# New young family need advice



## Princess_92 (May 20, 2011)

Hi everyone. Me and my fiance (19+23) have a little girl (8 months) we are thinking about moving to cyprus. Limassol paphos area. He will be working offshore so that isnt a problem. I just need some advice as to areas safest for me ad my babay whilst hes away. I know limassol is an all round area whic is perfect and i know both places do private school. I know english is spoken in cyprus but i do wantto learn greek and i do want y daughter learning greek to. Any advice as you can give me on anything will be a huge help. I have a uk driving license so i will be looking to buy a car for transport. Thankyou


----------



## Veronica (Apr 5, 2008)

Princess_92 said:


> Hi everyone. Me and my fiance (19+23) have a little girl (8 months) we are thinking about moving to cyprus. Limassol paphos area. He will be working offshore so that isnt a problem. I just need some advice as to areas safest for me ad my babay whilst hes away. I know limassol is an all round area whic is perfect and i know both places do private school. I know english is spoken in cyprus but i do wantto learn greek and i do want y daughter learning greek to. Any advice as you can give me on anything will be a huge help. I have a uk driving license so i will be looking to buy a car for transport. Thankyou


Hi Princess,

Welcome to the forum.
If your fiance has a reasonably well paid job then you shouldn't have any problems with either Limassol or Paphos
Limassol however is a much more expensive area than Paphos for rentals or buying property. 
Both towns have plenty of good shops and plenty of things to do to keep you occupied. I don't know much about the schools in Limassol but Paphos international school takes children from nursery up to college as does the American academy near Paphos. However the American academy is still very new and does not yet have all the facilities in place.
There is a good expat presence in both towns.

Regards
Veronica


----------



## Princess_92 (May 20, 2011)

Thankyou very much veronica. Do you know if it would be easy for me to get a little part time job? Like a shop worker, doesnt have to be fancy.


----------



## zin (Oct 28, 2010)

Princess I believe part-time jobs in Cyprus are mostly avaialble for weekend shifts.. (i.e. when it's busy).
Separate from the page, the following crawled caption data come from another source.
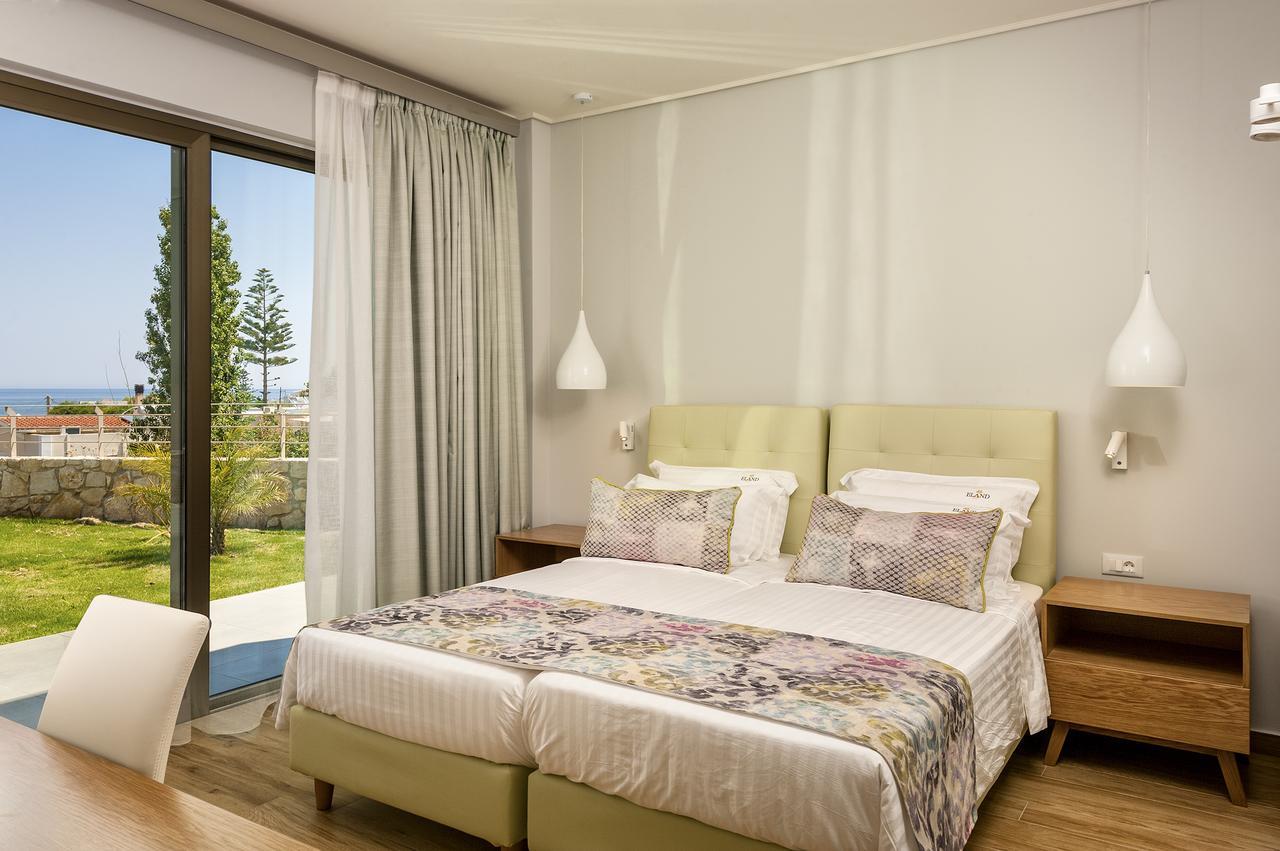 Eland Dream Villas Каламакі Екстер'єр фото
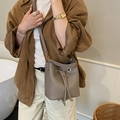 Minimalistische graue Beuteltasche aus Leder mit goldenen Details und Kordelzug - Elefantengrau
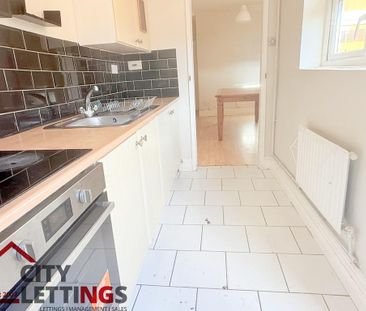 2 bedroom terraced house to rent - Photo 5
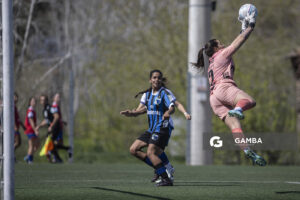 Florencia Porley, golera, de Liverpool. Campeonato Uruguayo de Fútbol Femenino. Ciudad Deportiva Los Céspedes.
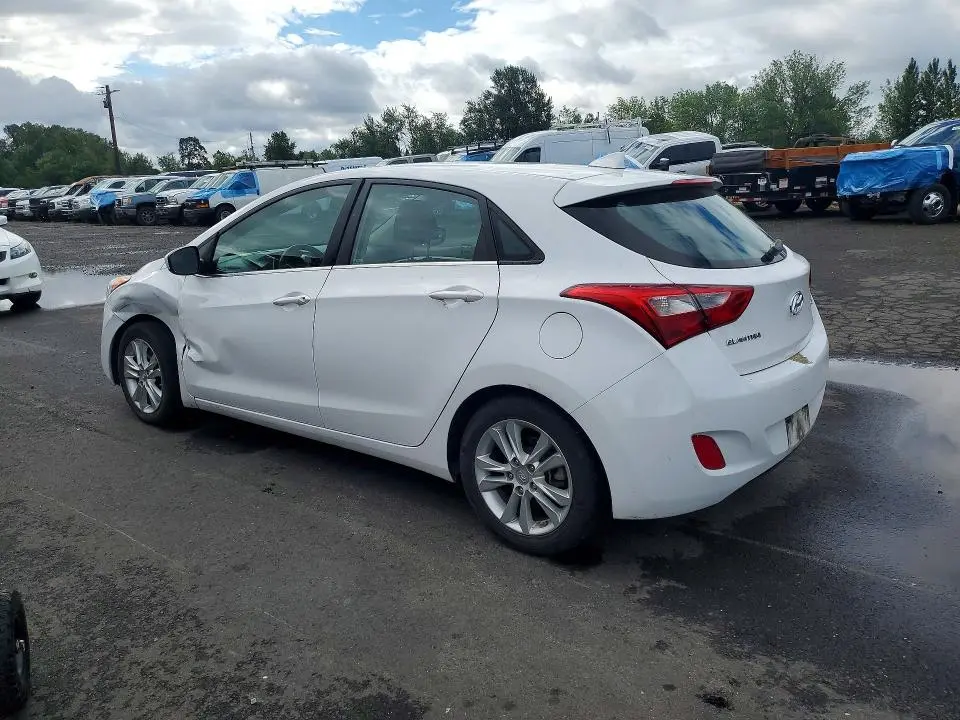 2013 HYUNDAI ELANTRA GT BASE  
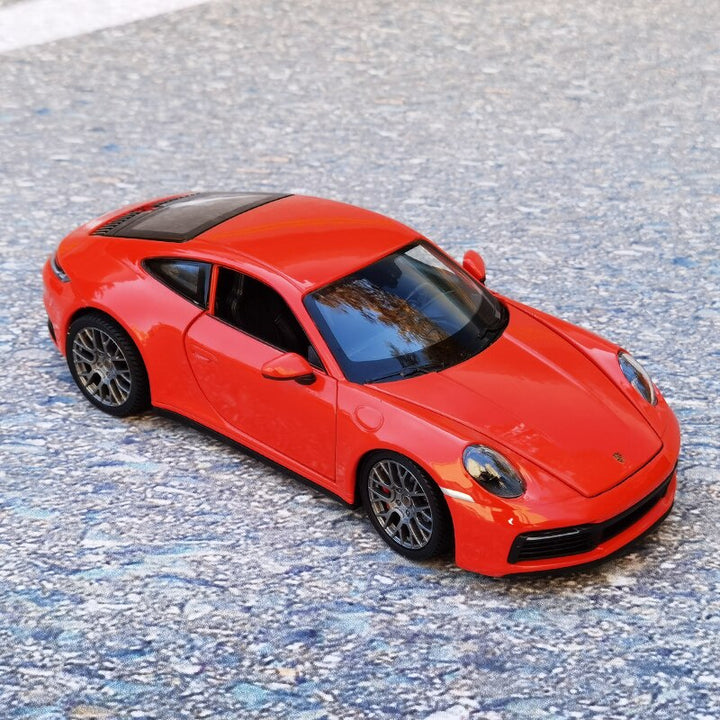 Porsche 911 Carrera (992) 1:24 19cm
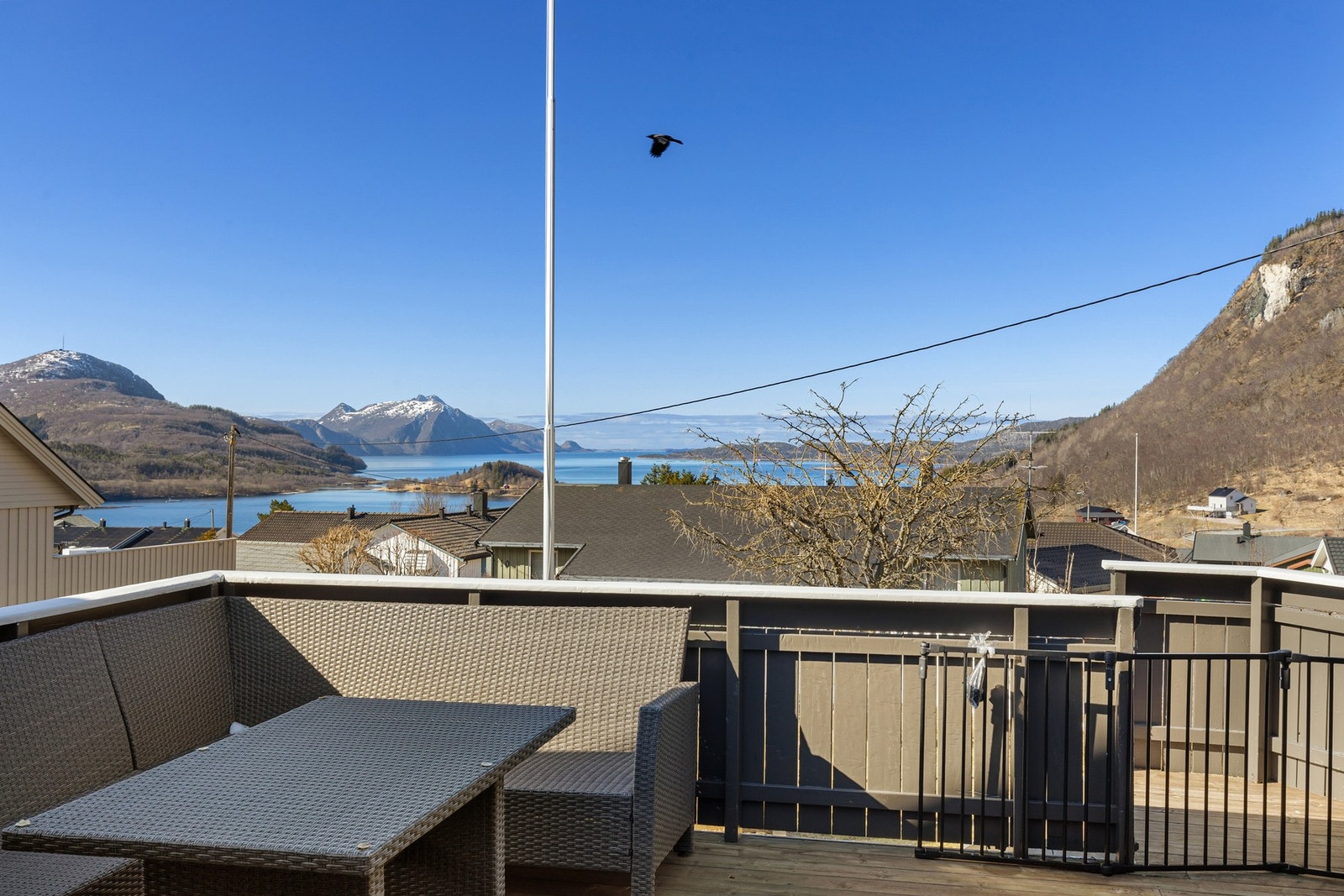 Vestvendt veranda med flott utsikt og fin solgang utover ettermiddag/kveld. Galleribilde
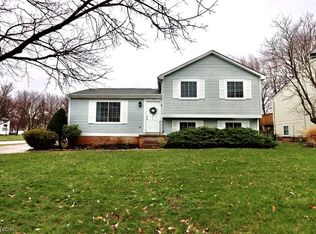 5432 Oak Ridge Dr, Willoughby, OH 44094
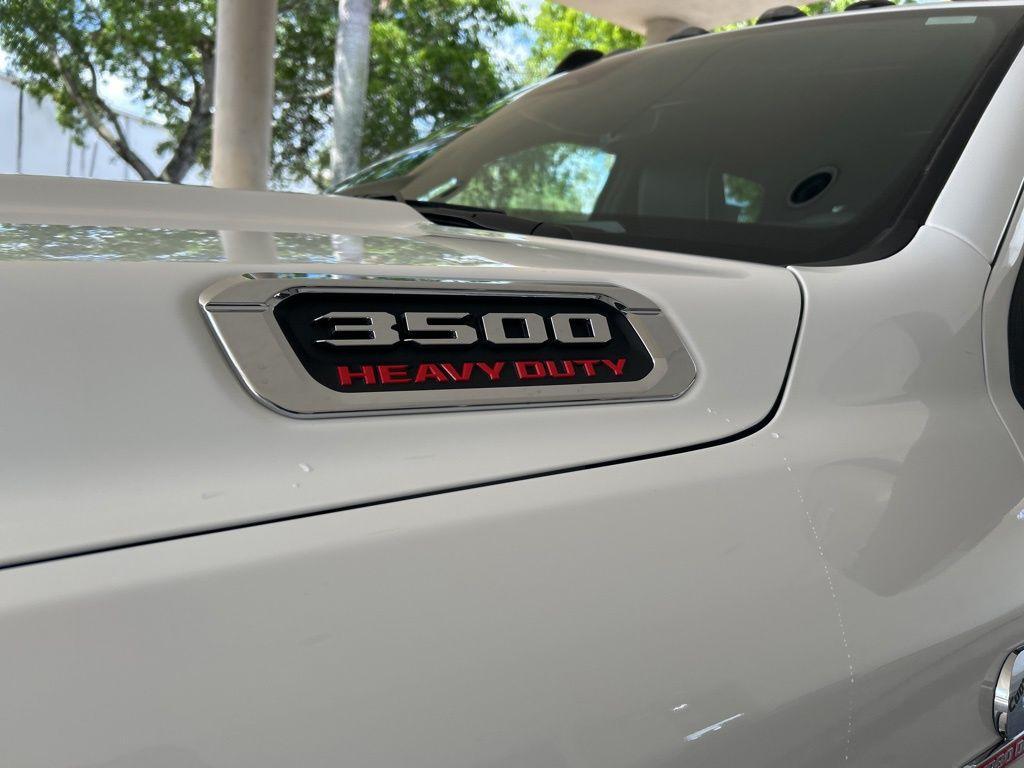 new 2025 Ram 3500 car, priced at $76,681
I would recommend only doing a part-time job with a reputable shop looking for part-time staff specifically (rather than asking around in random shops) and willing to provide you with a contract. This will ensure you at least get paid and if it's an international brand it will want to avoid bad publicity on how staff are treated. 

Also I suspect you would get better income working for a coffee shop or restaurant than a shop.


----------